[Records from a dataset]
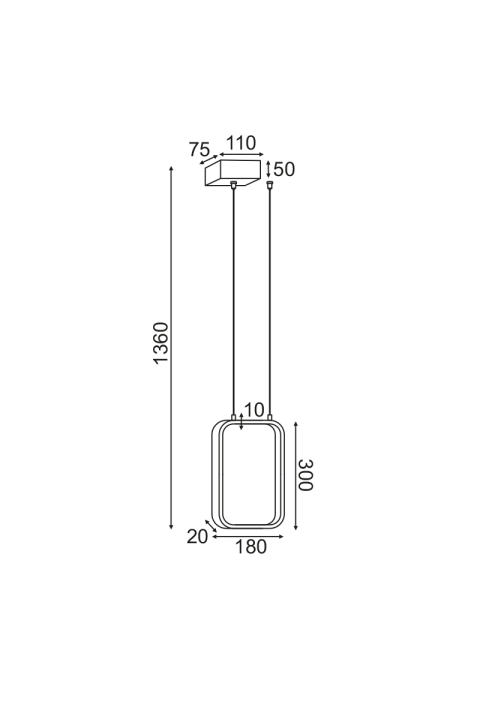 ПЕНДЕЛ ЛЕД 11W 3000K 1044LM ЧЕРНО МЕТАЛНО 18X11XH136CM SYMETRIA
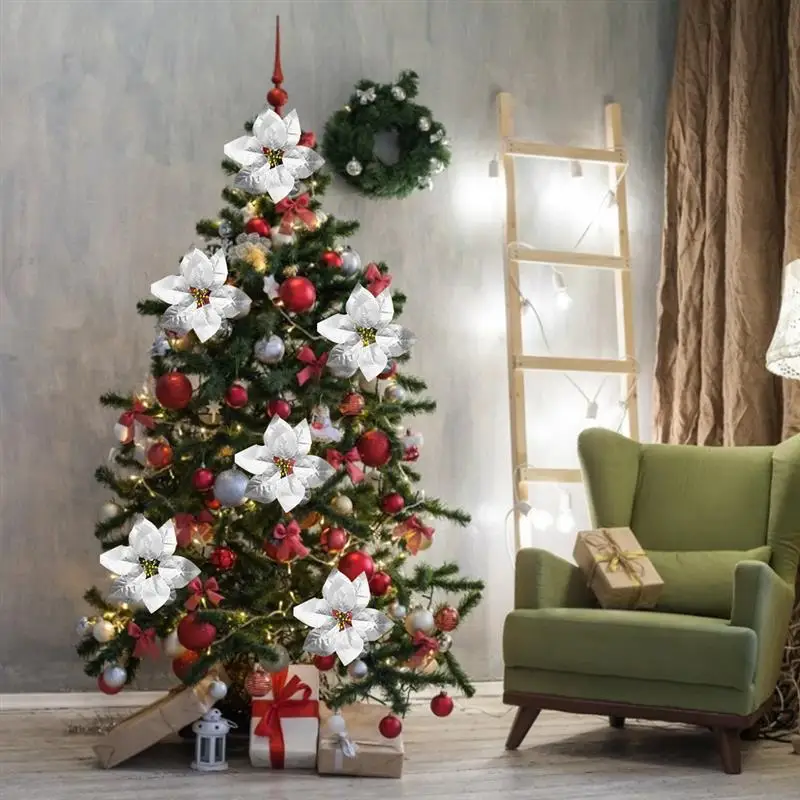 20 шт. искусственные цветы для украшения Poinsettia поддельные цветы DIY новогодняя елка, для дома Свадебные Декорации Цветок голова Рождество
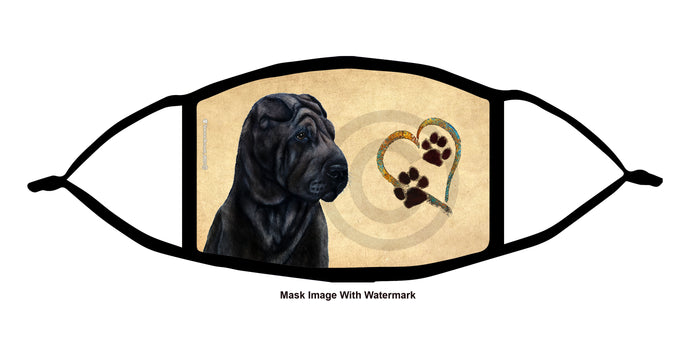 Shar pei (Black) Face Mask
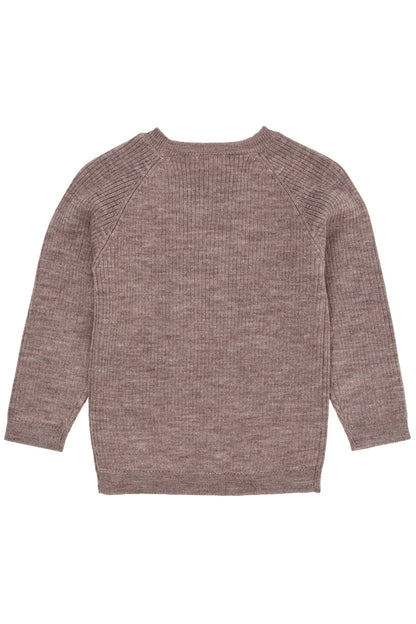 Rückseite der natur melierten Merino Rib Strickpullover von Copenhagen Colors, im Bärechind in Winterthur, Zürich Schweiz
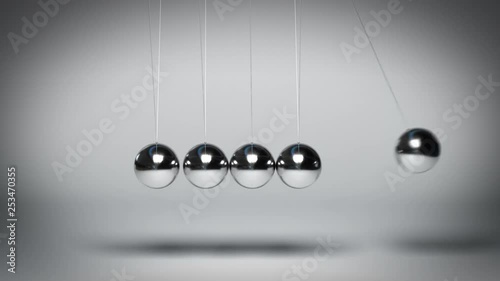Looped animation of Newton's balls bouncing against gray background photo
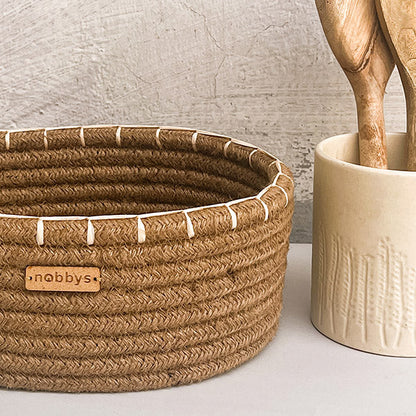 Jute Oval Storage Basket With Raffia Embroidery Edge (11" x 8" x 4") Nobbys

Required action:
Restate the data above word for word. Do not include the images.

Task solution:
 ПЕНДЕЛ ЛЕД 11W 3000K 1044LM ЧЕРНО МЕТАЛНО 18X11XH136CM SYMETRIA
 20 шт. искусственные цветы для украшения Poinsettia поддельные цветы DIY новогодняя елка, для дома Свадебные Декорации Цветок голова Рождество
 Shar pei (Black) Face Mask
 Rückseite der natur melierten Merino Rib Strickpullover von Copenhagen Colors, im Bärechind in Winterthur, Zürich Schweiz
Looped animation of Newton's balls bouncing against gray background photo
 Jute Oval Storage Basket With Raffia Embroidery Edge (11" x 8" x 4") Nobbys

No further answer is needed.